2020.06.12 Hyundai Motor Company 분량5min
Inside an FCEV, hydrogen travels from tanks to a fuel cell stack. Once in the fuel cell stack, hydrogen goes through an electrochemical reaction with the oxygen collected from the air intake. This reaction creates electricity, which then powers the vehicle's motor. That's easier said than done, though. Let's see how the system actually works.
Gaseous hydrogen is liquefied by cooling it to below -252.78°C. It can be stored in large tanks once hydrogen is liquefied. Storage of hydrogen as gas would require much more space and it would be much less efficient. This is why FCEVs use compressed hydrogen in hydrogen tanks at 700 bar.

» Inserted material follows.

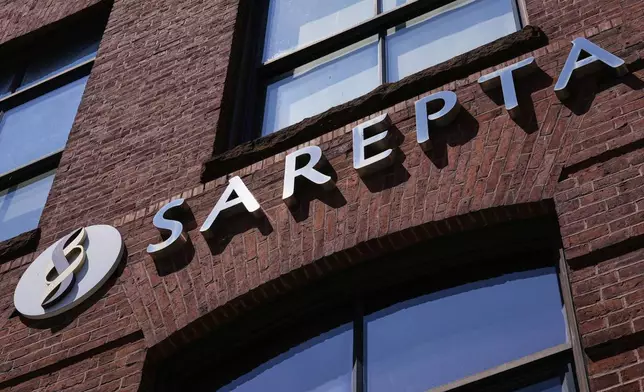 The name and logo of Sarepta Therapeutics is displayed on the company's headquarters, Monday, July 28, 2025, in Cambridge, Mass. (AP Photo/Charles Krupa)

Instantly lowering the high pressure within the hydrogen fuel tanks is a challenge, so through the hydrogen fuel feed system connecting into the fuel cell stack, the pressure is curtailed over a two-stage process. An FCEV hydrogen tank’s inner lining is made of a polyamide liner that minimizes hydrogen permeation. The outer lining is made from carbon-fiber composite plastics that maintain integrity against high pressures of up to 700 bars.
FCEV is powered by electricity generated from the electrochemical reactions between hydrogen and oxygen. For oxygen supply, FCEVs purify the air intake over multiple steps. The first step involves an air filter that collects particulate matter and chemicals. The second step further purifies the air by passing it through a membrane humidifier. The last step scrubs air through a GDL (gas diffusion layer, passes air to the fuel-cell). This air purification system delivers pollutant-free oxygen to the electrolyte membrane.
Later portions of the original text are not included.